Vivimos tiempos de culto a la personalidad. Narcisistas por el mundo convertidos por los votos o la fuerza en líderes autoritarios atentan diariamente contra la mesura, la elegancia, la educación, la sensatez, la discreción, la solidaridad y el mínimo respeto por el otro con el objetivo primordial de rendir culto a la personalidad de sí mismos, el apoyo indispensable de su comitiva servil, grotesca y acrítica que los jalea y el desprecio ecuménico por todos los que no se inclinan ante sus sacrosantas opiniones.
Cuando faltan al respeto al que no piensa como ellos, se lo faltan a sí mismos y así, como jamás piden disculpas, es imposible respetarlos, incluso cuando aciertan. Abundan estos personajes tanto entre los mindundis locales como entre los múltiples seres grotescos que encabezan la política mundial hoy en día.
En casa proliferan los ejemplos pedestres. Entre los furibundos, Pablo Iglesias, rabioso con la Academia sueca, salivando contra María Corinna Machado y acordándose hasta de Hitler. También Óscar Puente llamando miserable a Feijóo, que una solo le oye insultar a este hombre. Los hay burletas, no tanto Sánchez, que también, despectivo, desdeñoso y tan sarcástico él –ánimo, Alberto–, sino su segunda María Jesús –oigan su risa loca, como graznido– émula del Joker para superar a todos en hilaridad pelotillera.

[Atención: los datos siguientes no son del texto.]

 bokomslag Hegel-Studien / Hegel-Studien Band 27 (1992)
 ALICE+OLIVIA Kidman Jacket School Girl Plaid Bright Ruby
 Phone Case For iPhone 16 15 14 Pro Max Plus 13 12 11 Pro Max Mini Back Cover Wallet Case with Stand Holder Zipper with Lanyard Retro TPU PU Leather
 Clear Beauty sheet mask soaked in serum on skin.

Y tenemos entre los domésticos otros ejemplares engolados como Albares, atribuyendo a España el logro de la frágil paz de Gaza, que nos entra la risa como a María Jesús aunque nunca logremos sus espasmos incontrolados.

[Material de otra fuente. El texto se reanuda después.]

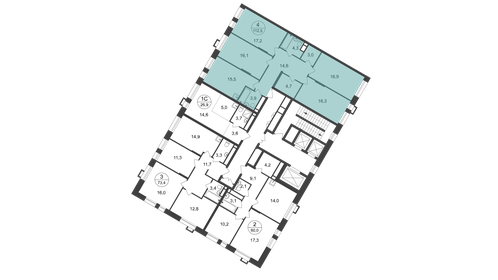 Квартира 112,5 м², 4-комнатная - изображение 2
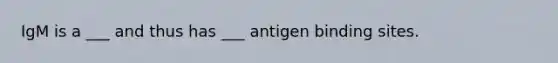 IgM is a ___ and thus has ___ antigen binding sites.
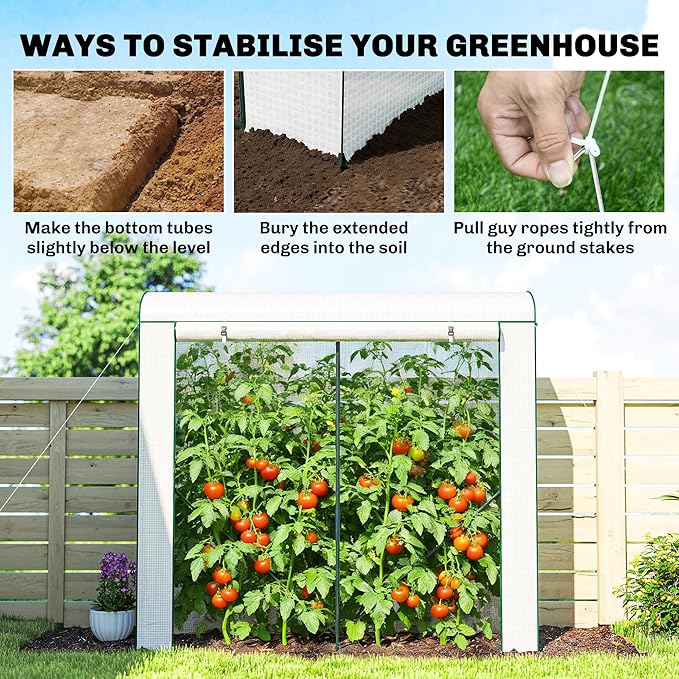Outsunny Mini Greenhouse Portable Greenhouse with Roll-Up Door and 2 Mesh Windows Small Green House with PE Cover for Garden Patio Lawn 78.7 x 29.5 x 74 White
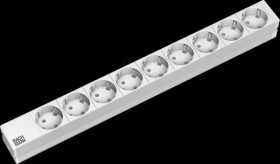 333.401 19 socket strip 9-way, without switch, aluminium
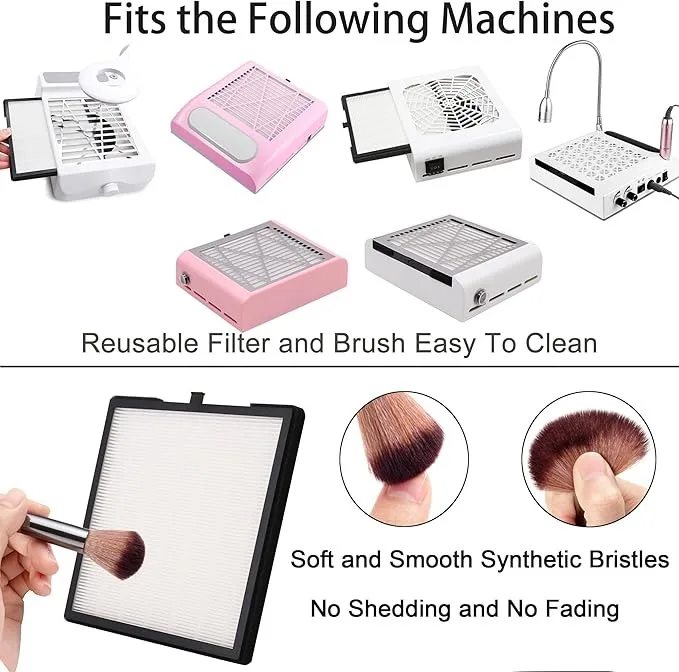 Nail Dust Collector Filters 2 Pack Nail Dust Suction Collector Replacement Filter for Electric Nail Dust Collector Machine Nail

Y fuera vean entre los más siniestros a Putin, entre siniestro y grotesco a Maduro, grotesco a secas a Milei. Por último el hombre del día, el megaególatra Trump.
Pues resulta enormemente esperanzador el gran logro que, de una manera u otra, con amenazas, presiones y él dice que aranceles, ha conseguido. Y paradójico que, pese a que deberíamos admirarlo por eso, su faraónico ego nos lo haga tan difícil de respetar.